Murad M Khan, Professor of Psychiatry
25 April 2005

David Nutt has only focused on one aspect of pharmaceutical industry’s function i.e. drug research and development. While there are a number of contentious issues regarding these aspects as well, they are notnearly as bad as what follows after a drug is launched. Once the marketingof the drug starts, the whole complexion of the story takes a totally different route. Using some of the latest techniques to market and sell their products, enticements and inducements of all sorts are thrown at physicians, many of whom are more than happy to receive them.

Health care professionals who think that even a small amount of altruism motivates a drug company’s activities should seriously reconsider. Promotional activity has a single intent: to drive market share by influencing prescribing habits. Drug makers are in the business of selling products and are held accountable to shareholders who expect a return on their investment. How anyone could consider any other meaning behind these kinds of activities is only deluding themselves.

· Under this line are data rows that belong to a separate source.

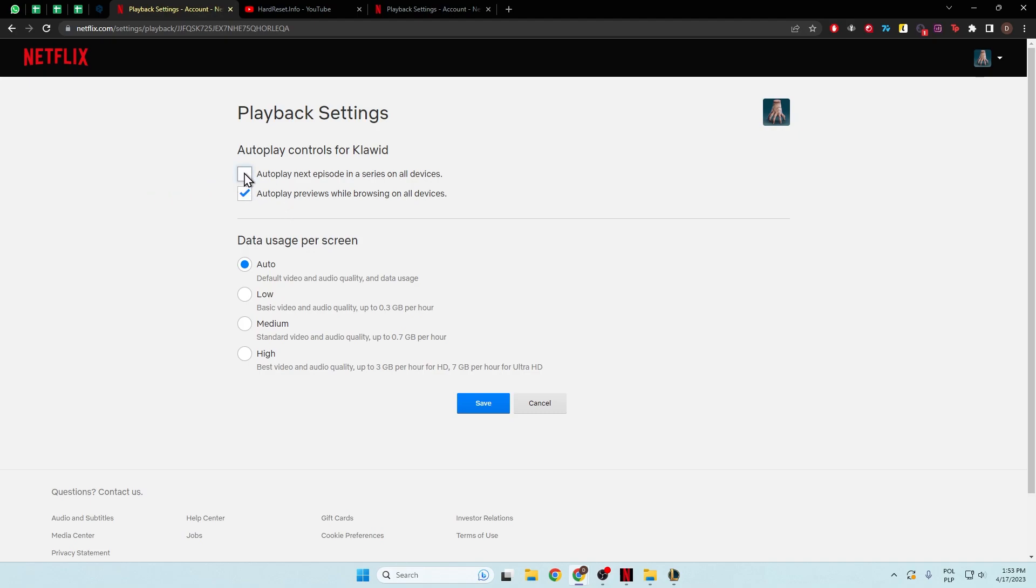If you want to disable autoplay of the next episode, it will be set up for all devices on this profile. You have to click save right here.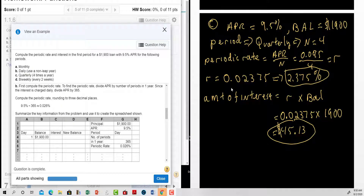For quarterly: the APR is nine point five percent and the balance is nineteen hundred dollars. The period is quarterly, so n is equal to four. The periodic rate is zero point zero nine five divided by four, giving us a periodic rate of two point three seven five percent. The amount of interest is the periodic rate in decimal form times the balance, which gives us forty-five dollars and thirteen cents.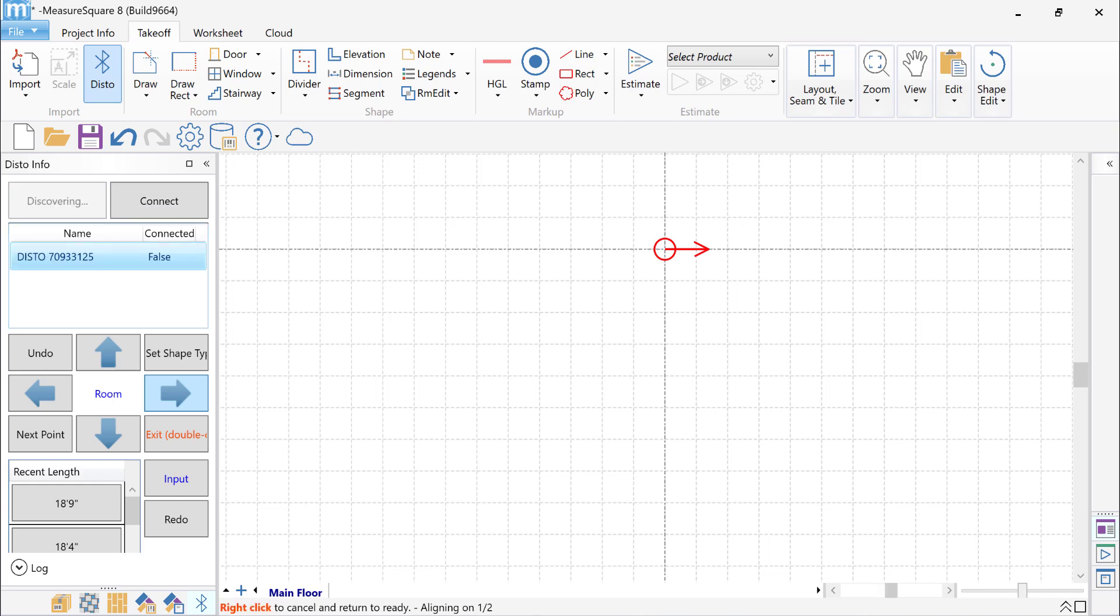I'll locate my laser in the list, select it, and click on Connect. Once the laser in my list turns green and the connected field equals true, I'm ready to measure.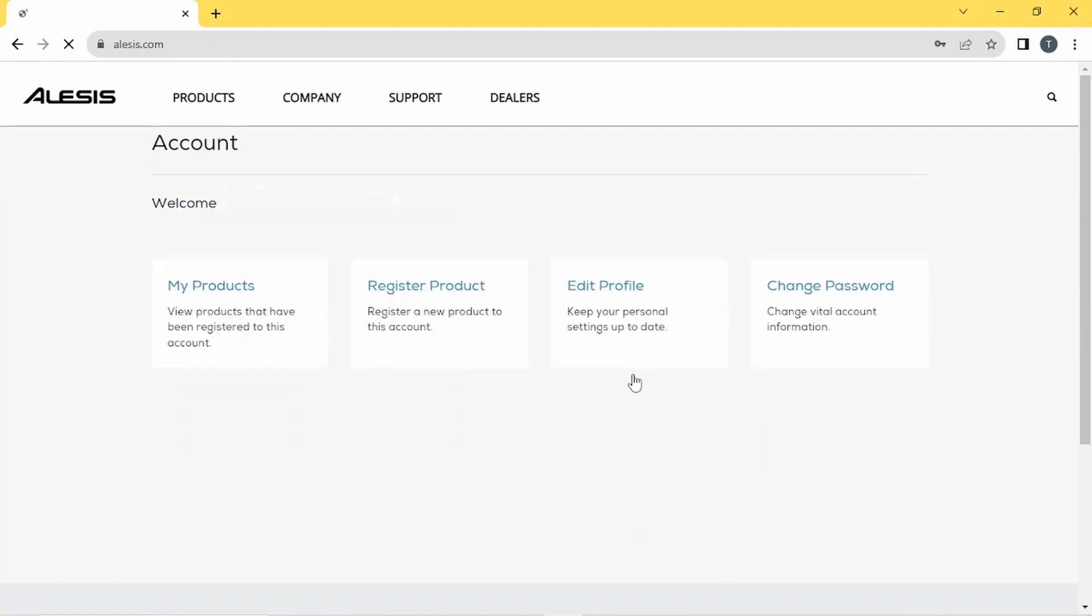If you haven't registered your Vortex yet, click on Register Product and register your Vortex Serial Number, which is on the sticker on the back of your Vortex.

Psychiatry may “not be up for sale” but many psychiatrists are. In that respect “our discipline is no different from others in medicine”. Similarly while many “patients who benefit from drug treatment may owe a debt of gratitude to the pharmaceutical industry” there are hundreds and thousands of others who are suffering the consequences of inappropriate medication usage and are damaged for life. The responsibility for this lies both with the psychiatrists as well as the pharmaceutical industry and their aggressive marketing It is time both parties stop benefiting from each other and instead put patient interests before their own.